--- Activity ---
Take the line with "Orange Flowers Watering" and every line after it, through the end of the listing, and give them again exactly, pictures excluded.

--- Available data ---
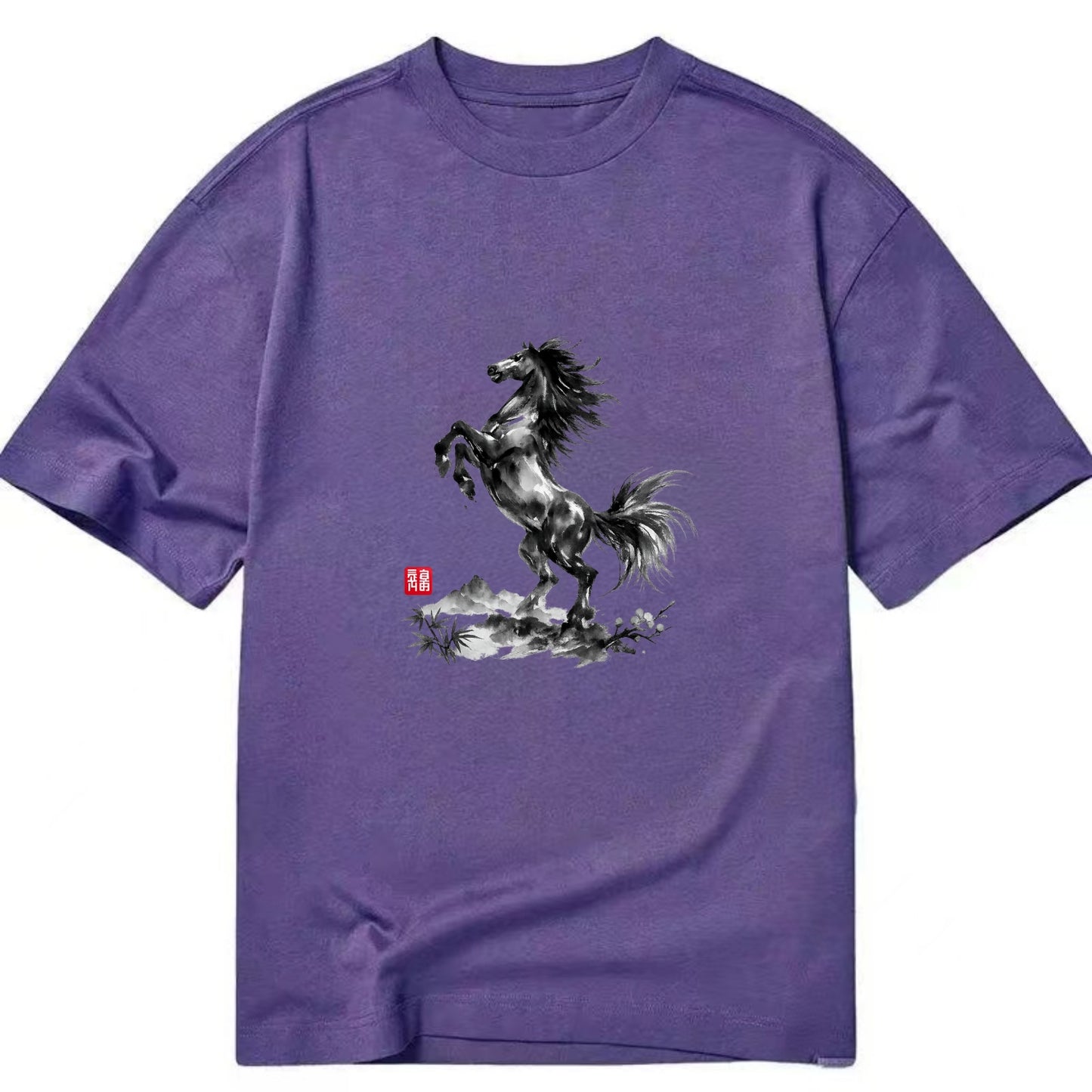 WILD STALLION | Powerful stallion rearing up | Windswept mane and tail | Mountain - Classic T-shirt - Purple
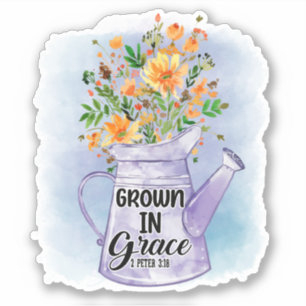 Orange Flowers Watering Can Christian Grown Grace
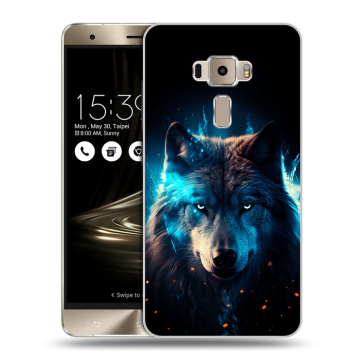 Пластиковый чехол на Asus ZenFone 3 с принтом Волк ночной Пластиковый чехол на Asus ZenFone 3 с принтом Волк ночной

--- Exercise response ---
 Orange Flowers Watering Can Christian Grown Grace
 Пластиковый чехол на Asus ZenFone 3 с принтом Волк ночной Пластиковый чехол на Asus ZenFone 3 с принтом Волк ночной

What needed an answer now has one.